Just 37 percent of all Americans have a positive view of Clinton, versus 48 percent who have a negative view (-11).

That’s a sharp drop since June, when the NBC/WSJ poll showed her with a 44 percent positive, 40 negative rating (+4) – so an overall 15-point swing…

Despite Clinton’s sinking favorability rating, she continues to lead the Democratic horserace by a wide margin.

She’s the top choice of 59 percent of national Democratic primary voters, while 25 percent pick Sen. Bernie Sanders, I-Vt. They’re followed by former Sen. Jim Webb, D-Va., and former Maryland Gov. Martin O’Malley, who are tied at 3 percent each.

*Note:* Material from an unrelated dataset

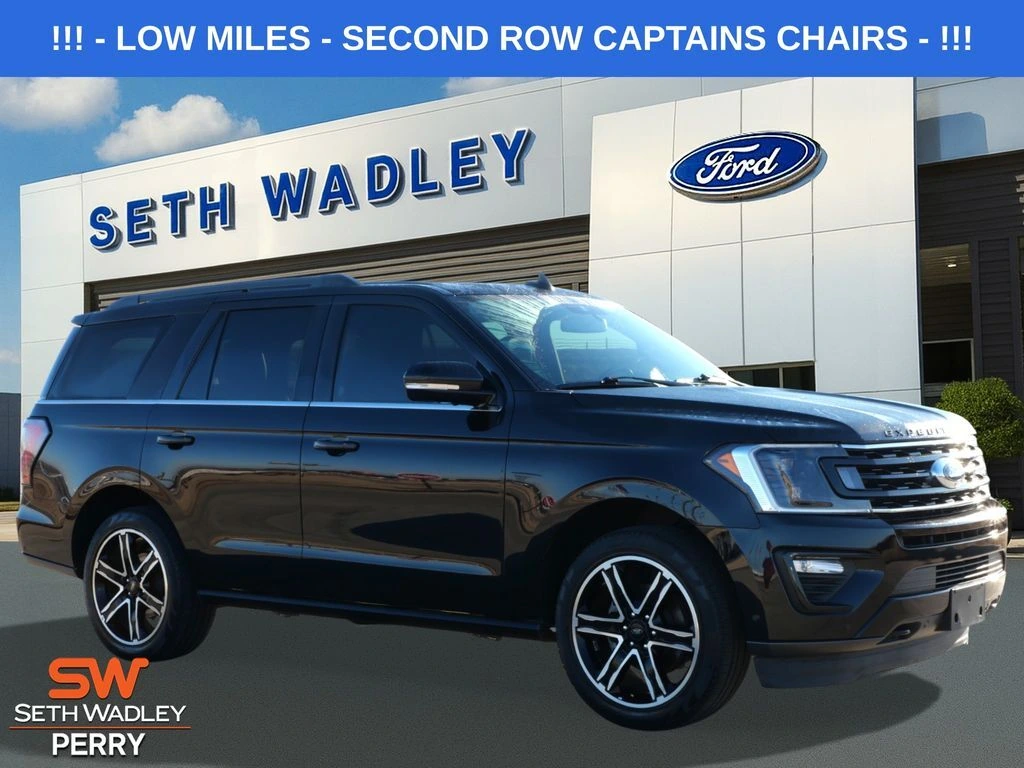 2021 Ford Expedition Limited's photo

That margin, however, is smaller than her 60-point national advantage over Sanders a month ago, 75 percent to 15 percent.

If these poll findings persist (and they can change dramatically in over a year), they could indicate problems for Clinton in the general election. Democrats have hoped that any loss in support Clinton receives from the Obama coalition will be made up by more women voters backing Clinton. Now this poll shows a drop in Clinton’s support among white women.

In June, 44% of white women had a favorable view of Mrs. Clinton, compared to 43% who didn’t. In July, those numbers moved in the wrong direction for Mrs. Clinton: Only 34% of white women saw her in a positive light, compared to 53% who had a negative impression of her, the poll found.

Mr. Obama fared poorly with white women voters in the 2012 election, losing them to Republican challenger Mitt Romney by 14 points.

For Team Clinton, the latest poll numbers are a worrisome development. Mrs. Clinton is unlikely to match the African-American turnout that propelled Mr. Obama to two presidential victories, so she has to make up the difference somewhere else. Women eager to see a woman in the White House is a logical group to target. 

Support for Bernie Sanders has increased as support for Clinton has dropped, but some Democrats are searching for another alternative, with multiple stories about Joe Biden possibly running the last few days. Other names also come up occasionally, such as Starbucks CEO Howard Schultz:

The 62-year-old CEO has been urged by supporters to join the Democratic primary, with friends “thinking the time is right for someone who’s not a political lifer,” according to Maureen Dowd’s latest New York Times column. The idea, Dowd postulates, could “be a tempting proposition” for Schultz, and offers a worthy party back-up to Clinton should something unforeseen happen to her candidacy…

It would mark a shift for Schultz if he does enter the presidential ring. In an interview with Time in February, Schultz was adamant that he would not run for President in 2016: “I don’t think that is a solution. I don’t think it ends well,” he said in the story. He threw a cautious endorsement of Clinton, saying he was content to “see what Hillary does.”

Schultz has long been vocal about the role of government and its failure in addressing the nation’s pressing issues. In 2013, Schultz started a Starbucks-led petition to end the government shutdown, and delivered more than 2 million signatures to the White House in their “Come Together” campaign. While promoting his book For Love of Country, Schultz talked about the lack of leadership from the U.S. government and politicians: “The country is longing for leadership and for truth with a capital T,” he told Dowd in a New York Times story.

The current success of Donald Trump in the Republican race raises the questions if an outsider such as Schultz could receive comparable support in the Democratic race. On the other hand, the Democrats might already have a potentially successful outsider in Bernie Sanders. Sanders has many of the benefits of an outsider, while also could be seen as a credible candidate for president after having served in Congress for twenty-five years, with a record including opposition to the Iraq war and the Patriot Act. Despite Clinton’s (diminishing) lead nationally,  Sanders is now in a statistical tie with Hillary Clinton in New Hampshire. Victories in both Iowa and New Hampshire might quickly put an end to Clinton’s lead in the national polls.